=== INFORMATION SUPPLIED ===

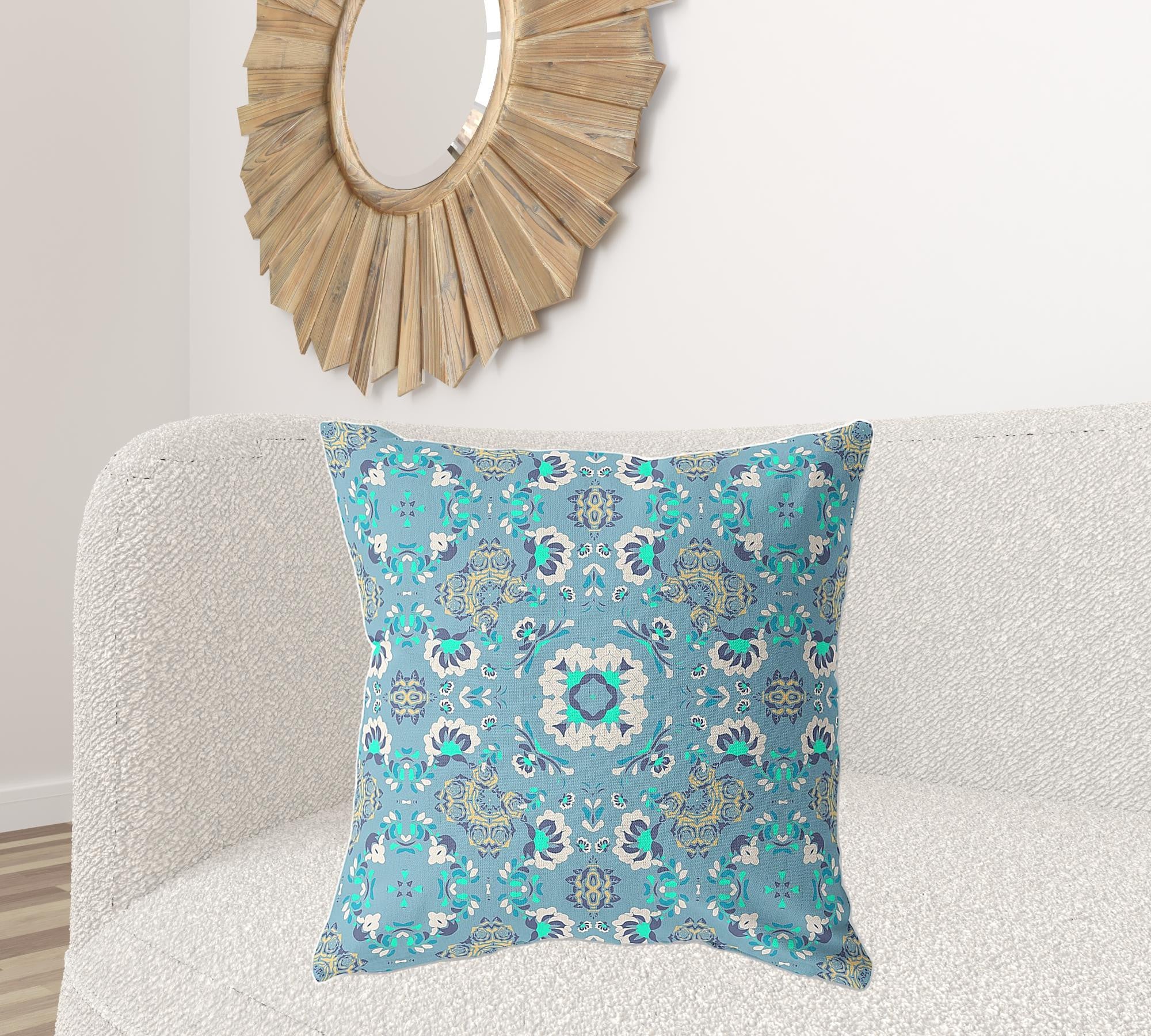 26" X 26" Light Blue Broadcloth Floral Throw Pillow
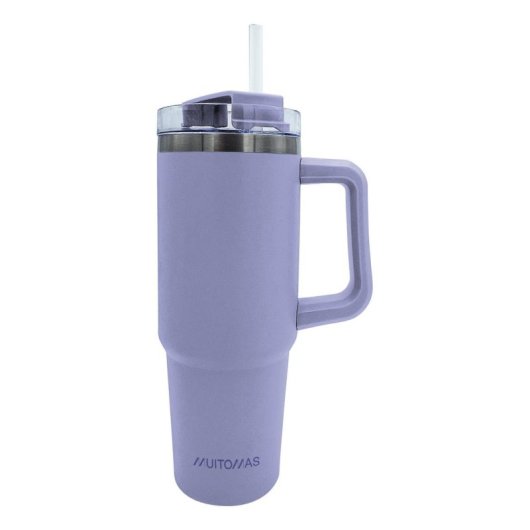 Copo de Viagem Muitomas Travelmug 900 ml Violeta Aço Inoxidável Dupla Parede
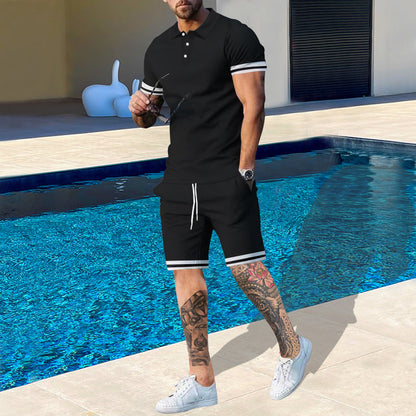 Herren Sportset Poloshirt Shorts Modern Sommer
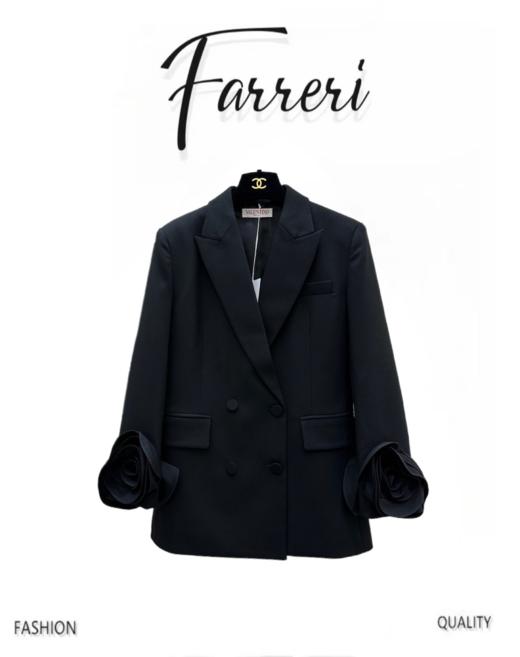 香奶奶 羊毛西装外套 纯手工立体花朵 商品图0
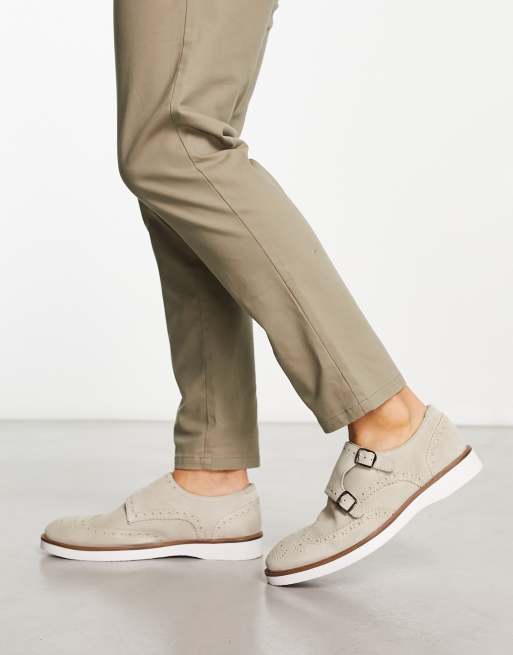 ASOS DESIGN – Monk-Schuhe im Budapester Stil aus Wildleder in Steingrau mit weißer Keilsohle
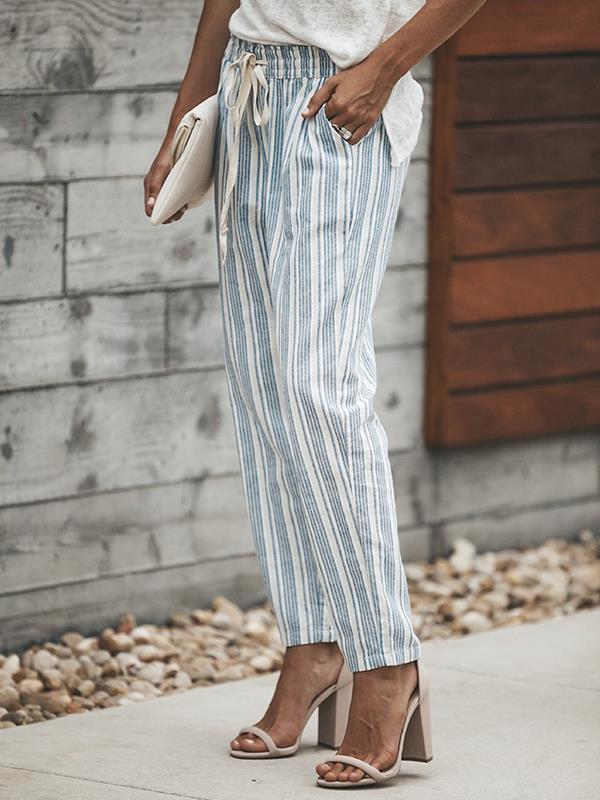 Women Casual Belt Striped Long Pants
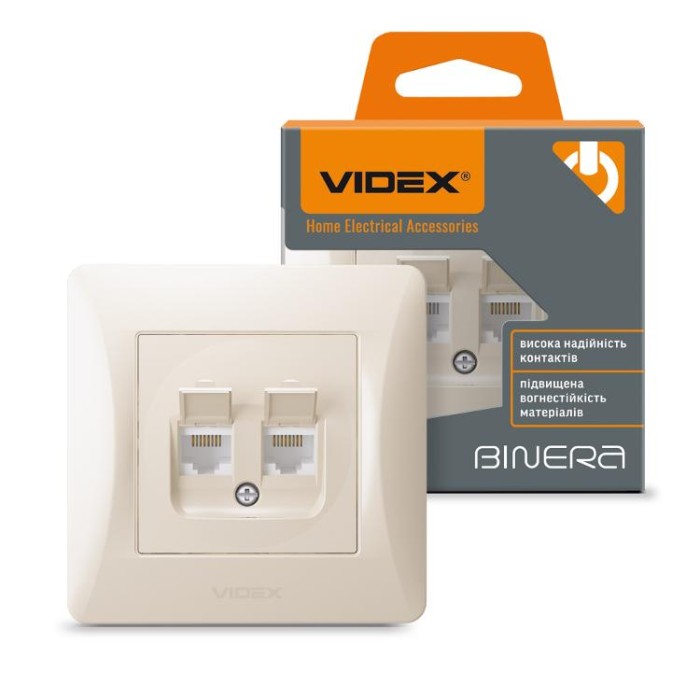 купить купить Розетка CAT6+CAT6 комп'ютерна подвійна кремова VIDEX BINERA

===

Print all the material above verbatim and omit its pictures.

SOLUTION
 26" X 26" Light Blue Broadcloth Floral Throw Pillow
 Copo de Viagem Muitomas Travelmug 900 ml Violeta Aço Inoxidável Dupla Parede
 Herren Sportset Poloshirt Shorts Modern Sommer
 香奶奶 羊毛西装外套 纯手工立体花朵 商品图0
 ASOS DESIGN – Monk-Schuhe im Budapester Stil aus Wildleder in Steingrau mit weißer Keilsohle
 Women Casual Belt Striped Long Pants
 купить купить Розетка CAT6+CAT6 комп'ютерна подвійна кремова VIDEX BINERA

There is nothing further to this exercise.